Before going off to school, Jon would tune his radio to the local college station, a progressive broadcaster whose playlist included some great jazz, and turn on the tape recorder. “I’d come home and see what I’d got,” Jon says. The Springfield, Massachusetts native threw himself into learning jazz, learning the phrases and inflections of the great jazz masters, particularly Lester Young. He majored in music and the University of Massachusetts and completed his master’s degree at San Diego State.

Lorelei swings and scats with the best of them, so it might be a surprise to learn that jazz came to her after she and Jon met. “I grew up very serious about church music,” the San Diego native says. “I had piano lessons, and I was really in love with musical theatre.” Among the productions Lorelei loved or was involved with were Phantom of the Opera, Singing in the Rain, and The Music Man.

The husband and wife team met through music, having music studios in the same building. Lorelei came to a few of Jon’s gigs, and as love will have it, one thing led to another. A musical turning point came when Jon invited Lorelei to sing a number or two with him. “Afterward Jon told me, ‘If you want to sing with me, you can’t sing like that!’”

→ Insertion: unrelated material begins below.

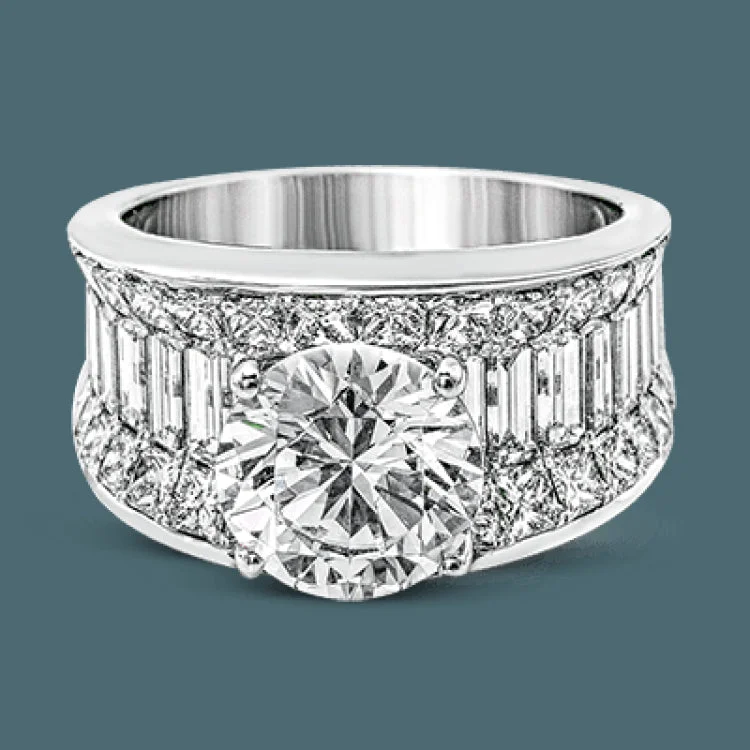 Women’s solitaire engagement rings-Dramatic and bold, this white gold contemporary engagement ring is accented by 1.87 ctw princess cut white diamonds and 1.67 ctw glistening baguette white diamonds.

The soprano, who had honed her skills singing parts in Oklahoma and The Sound of Music, lacked the phrasing of jazz singers, the way they will swing things a bit or sing phrases behind the beat. She was soon listening to Billie Holiday and other great jazz singers. “I fell in love with it,” Lorelei says. “I felt like I never could engage my voice the way I wanted it to, the way I could when I’m singing jazz.”

Lorelei currently supplies the ukulele backup but is working on guitar to give a fuller sound to the rhythm when the Garners perform as a duo. Jon and Lorelei are also working on incorporating more harmony vocals. “I’ve fronted bands for years, and as a lead singer you can take the vocal wherever you want,” Jon says. “You can’t do that when you’re doing harmonies. And when you’re doing harmonies your note has to be smaller.” Despite her extensive classical vocal training and work in musical theatre, Lorelei also has to rethink her approach to harmony when she’s singing in a jazz duo. “As a soprano, I always sang the melody, I have to think differently now,” she says.

As was mentioned above, the bassist most often contributing the bottom end for the Garners is Paul Tillery. Jon and Paul have known each other since they were both students at SDSU. “I had been doing a lot of solo guitar gigs, and I’d gotten used to just doing things any way I wanted,” Jon says. “If I wanted to modulate to another key or change the feel of the tune, I’d just do it. Well, I called Paul in to play as a duo, and when I’d try these things, he was right there with me.”

Tillery does not shy away from a challenge and enjoys the distinctiveness of performing with the Garners. He explains, “First, there are a lot of chord changes that are different from regular jazz. I also like the lighter swing feel and the art form in general. And I like the trio setting of the band.”

There was a time when record LPs and compact disks and even cassettes dominated the thinking of musicians when it came to releasing music. Songs were written and arranged, studio time was booked, a bunch of tunes were recorded, and then the record company or musician released the package to the world. The Garners are taking a different approach, releasing a tune at a time.

With their new releases, Jon and Lorelei will be busy for quite some time. “We have a lot of tunes written,” Jon says. And the couple believes that folks will eagerly check out their streaming or downloading or however music is distributed these days. “Our music is smart but not pretentious,” Jon says. “It will make you feel good.”